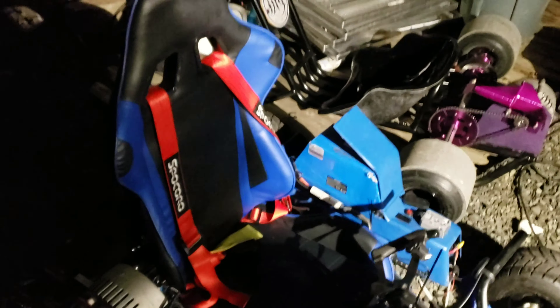Superman cart is back. Do a quick spin-around video for y'all. It's only one motor, but we are pumping 200 amps to it. Take it out real quick.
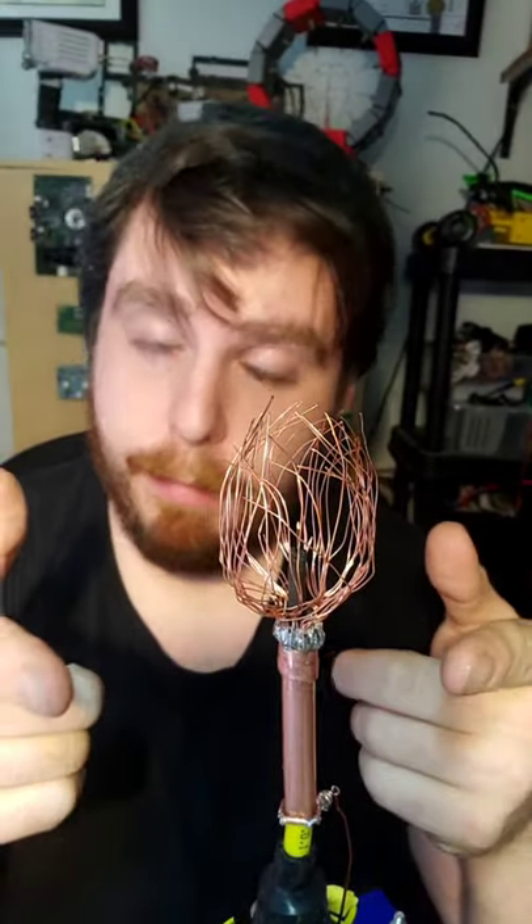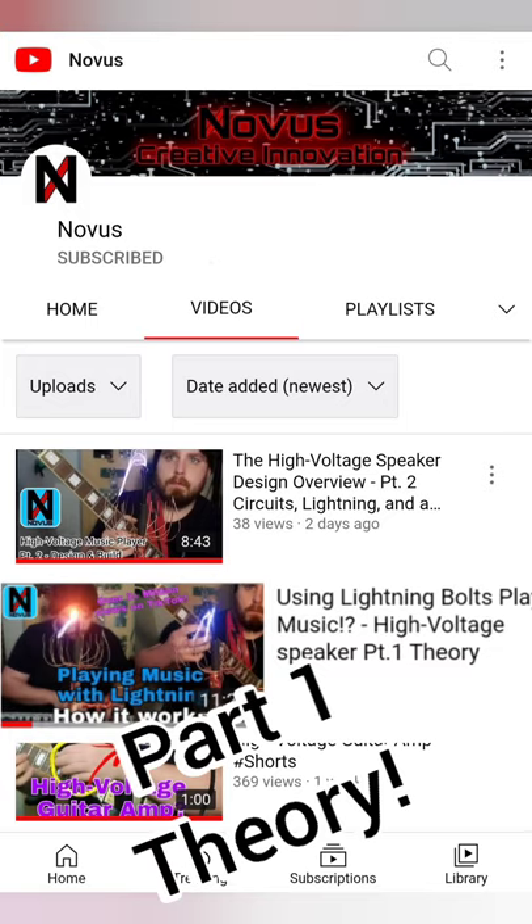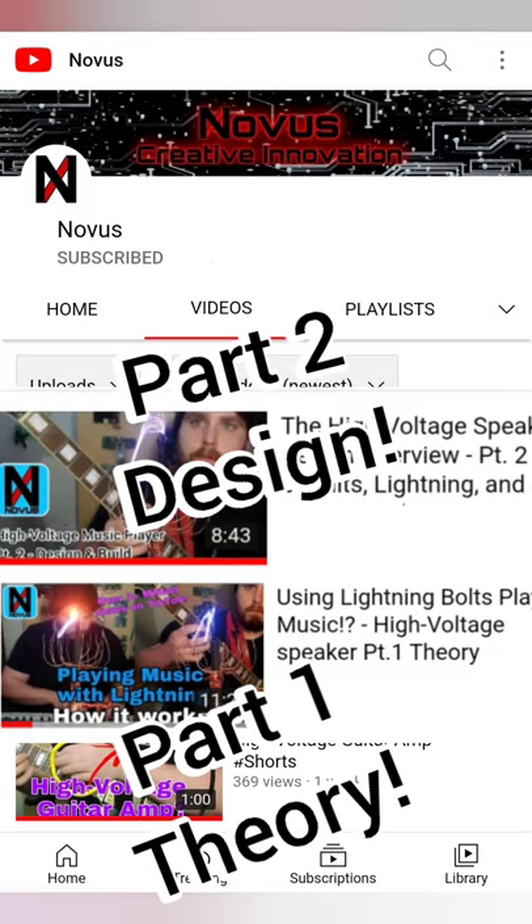And if you want to know how it works, I made a full video explaining it and there's a YouTube button in my profile. There are two videos out: one telling you how the theory works and the other shows you how the circuit works.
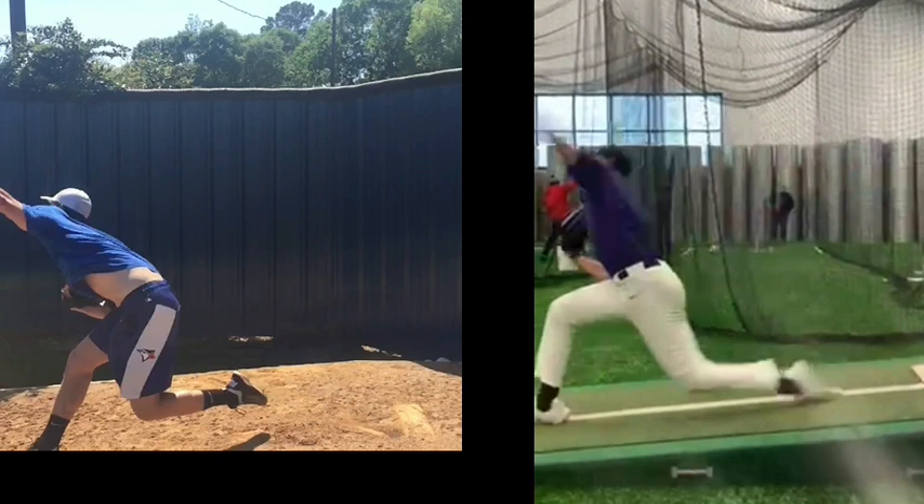The better you can stay closed and transfer your momentum all the way up your body — like we see here with Bob — you're going to see a significant jump in velocity.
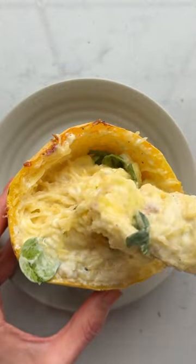When you stir it all together it tastes like a creamy low-carb take on alfredo pasta. So good!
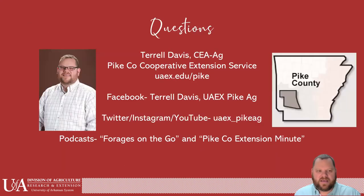If you have any questions, here is my contact information. I'd love to have you follow me on social media — Facebook, Twitter, Instagram, and YouTube is where I post a lot of my stuff. I also have a podcast called Forages on the Go, a 20-minute podcast once a month, and the Pike County Extension Minute which we try to do once a week. It's been great to have you, and I hope this information will help you make a decision on how you can fill in the gaps in your forage system.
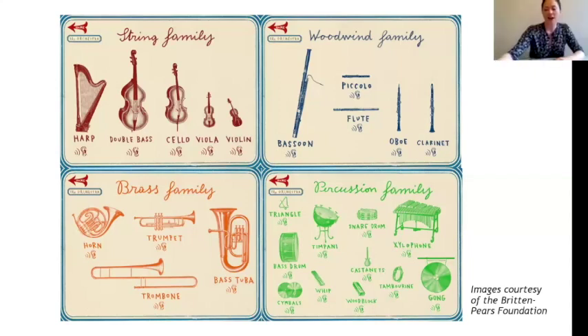The last group is the percussion family. They're made out of all different types of materials, but you normally make sounds with them by tapping, banging, or shaking them. After playing a short clip, Bruce correctly identified the instrument as a xylophone.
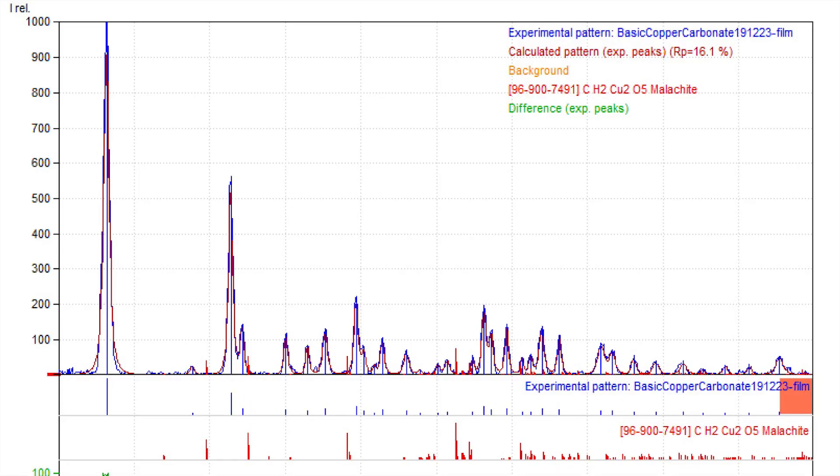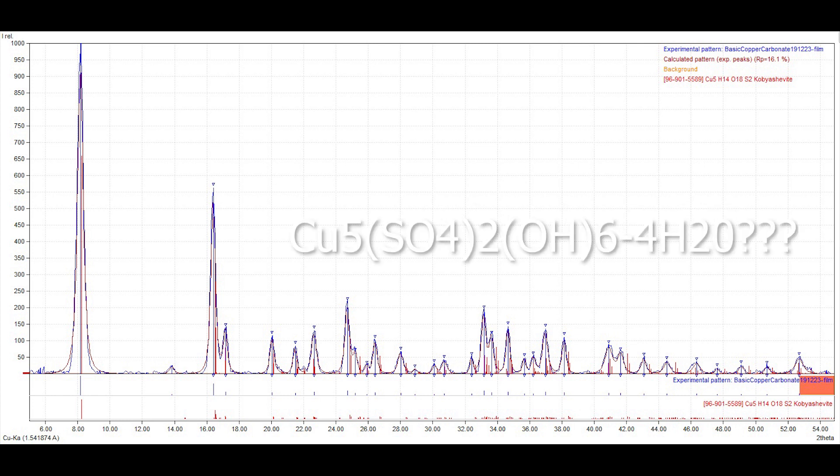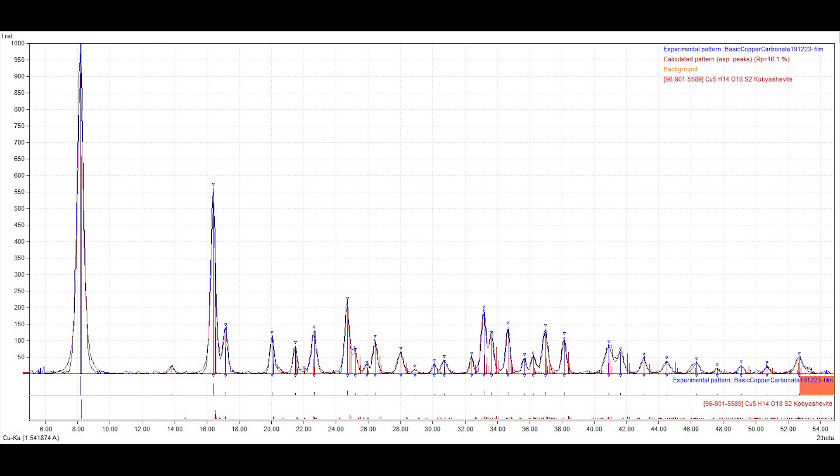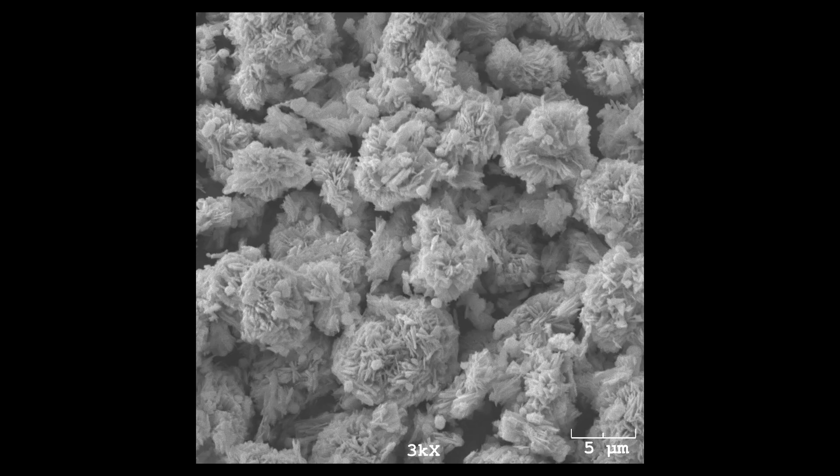It was at this point that I noticed things went horribly wrong. Looking at the X-ray diffraction pattern, the top in blue is what the sample is, and below it in red is what copper carbonate should look like — none of those peaks match up. When I search the database for the best match, I get this compound I've never heard of before, but it's a reasonable match — it's a sulfate. To confirm, I did an additional energy dispersive X-ray analysis for elemental composition and I can see copper, sulfur, and oxygen, so I have some kind of sulfate.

> _Your objective_
Write the material above out again exactly. Omit every image.

> _The completed task_
Superman cart is back. Do a quick spin-around video for y'all. It's only one motor, but we are pumping 200 amps to it. Take it out real quick.
And if you want to know how it works, I made a full video explaining it and there's a YouTube button in my profile. There are two videos out: one telling you how the theory works and the other shows you how the circuit works.
The better you can stay closed and transfer your momentum all the way up your body — like we see here with Bob — you're going to see a significant jump in velocity.
When you stir it all together it tastes like a creamy low-carb take on alfredo pasta. So good!
If you have any questions, here is my contact information. I'd love to have you follow me on social media — Facebook, Twitter, Instagram, and YouTube is where I post a lot of my stuff. I also have a podcast called Forages on the Go, a 20-minute podcast once a month, and the Pike County Extension Minute which we try to do once a week. It's been great to have you, and I hope this information will help you make a decision on how you can fill in the gaps in your forage system.
The last group is the percussion family. They're made out of all different types of materials, but you normally make sounds with them by tapping, banging, or shaking them. After playing a short clip, Bruce correctly identified the instrument as a xylophone.
It was at this point that I noticed things went horribly wrong. Looking at the X-ray diffraction pattern, the top in blue is what the sample is, and below it in red is what copper carbonate should look like — none of those peaks match up. When I search the database for the best match, I get this compound I've never heard of before, but it's a reasonable match — it's a sulfate. To confirm, I did an additional energy dispersive X-ray analysis for elemental composition and I can see copper, sulfur, and oxygen, so I have some kind of sulfate.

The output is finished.